# Drivers placa de sonido SoundBlaster Live! para Windows 7



## ceiorio (Ago 8, 2016)

¡Hola a todos!

¿Alguno de Uds. sabe si existen drivers para esta placa de sonido que funcionen bajo Windows 7 y den funcionalidad para alimentar un sistema de parlantes 5.1?

 Probé con unos bajados de la página del fabricante (Creative) que en algún foro alguien decía que le habían funcionado, pero no me funcionaron. Por otra parte, también probé con los drivers de "Project kX", unos drivers desarrollados específicamente para esa placa por Eugueni Gavrilov y funcionaron, pero sólo me dan salida mono.

Desde ya, muchas gracias!


----------



## Gaudi (Ago 8, 2016)

Lo que recuerdo es que están incluidos en el Windows. Tenes que fijarte en la configuración de los dispositivos de reproducción y seleccionar la configuración de parlantes adecuada (5.1).

Saludos


----------



## ceiorio (Ago 8, 2016)

¡Muchas gracias, Gaudi! Ahora pruebo con tus instrucciones.


----------



## ceiorio (Ago 8, 2016)

en el administrador de dispositivos aparece con el tilde amarillo y en las propiedades aparece controlador no instalado.


----------



## DOSMETROS (Ago 8, 2016)

Buscá el controlador para XP , al .exe le das botón derecho propiedades y aceptas compatibilidad con XP , tildas de instalarlo como administrador.


----------



## hellfire4 (Ago 8, 2016)

A lo mejor esto, pispeando en internet

Finally ..... it worked ...... Creative SoundBlaster 5.1 Live is woking on Win 7 ............ I'm listning to "Nothing Else Matters" now  


Steps :


1 - download KX Project sound driver from Softpedia :

Win 7 x86 :

http://drivers.softpedia.com/get/SO...er-Live-Live-5-1-kX-Driver-51003548-x86.shtml

Win 7 x64 :

http://drivers.softpedia.com/get/SO...er-Live-Live-5-1-kX-Driver-51003548-x64.shtml


2 - install, then reboot your machine


3 - make sure you are playing a song or any sound, if the sound worked we are done, if not follow the steps below


4 - login to your win 7 machine, u will find "KX" icon in notification area, Right Click on it, then choose "Multimedia Properties" , then choose the first tab called "Playback"

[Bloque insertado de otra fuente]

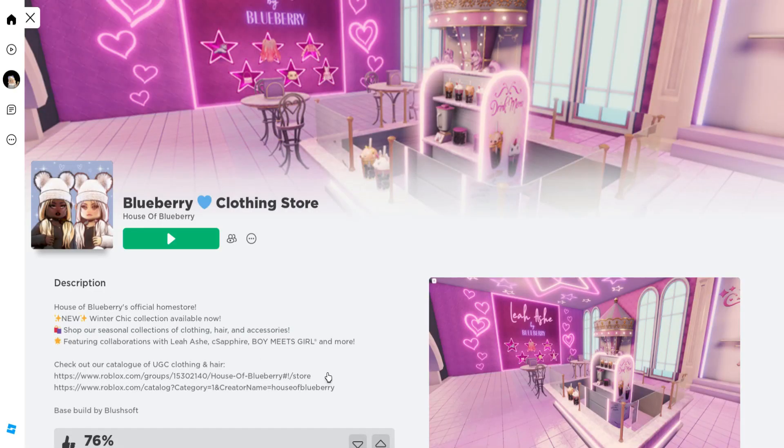First, let's go ahead and join Blueberry Clothing Store, created by House of Blueberry! I'll leave a link for the game in the description!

5 - from the list of devices that will appear, Right Click on the last device at the bottom, and choose disable. Now the device that is above it will start working, if u hear the sound we are done, if not continue disabling the devices from bottom to top till the sound works.


If any body still have a problem write to me here

fuente:
http://www.tomshardware.com/forum/id-3040199/solution-soundblaster-win.html

Suerte en salir del entuerto colega


----------



## ceiorio (Ago 10, 2016)

Muchas gracias, hellfire 4, pero ya intenté esa solución. Con ella, logré reproducir audio pero sólo en modo mono. Te comento, a vos y a los otros colegas que tan atentamente me acercaron sus propuestas, que entre las cosas que hice fue enviar un mail a Creative Labs., los fabricantes de la SoundBlaster, y la respuesta fue la siguiente: "Dear Carlos Enrique, 

Thank you for contacting Creative Labs.

Based on Google Translate, please confirm if you are looking for a driver for Windows 7 for the Sound Blaster Live! 5.1.

If this is correct, please be informed that the Sound Blaster Live! 5.1 does not support Windows 7.

The latest supported operating system is up to Windows XP only."

Así que aparentemente no tengo más remedio que renunciar a poder sacarle el jugo a esa excelente placa.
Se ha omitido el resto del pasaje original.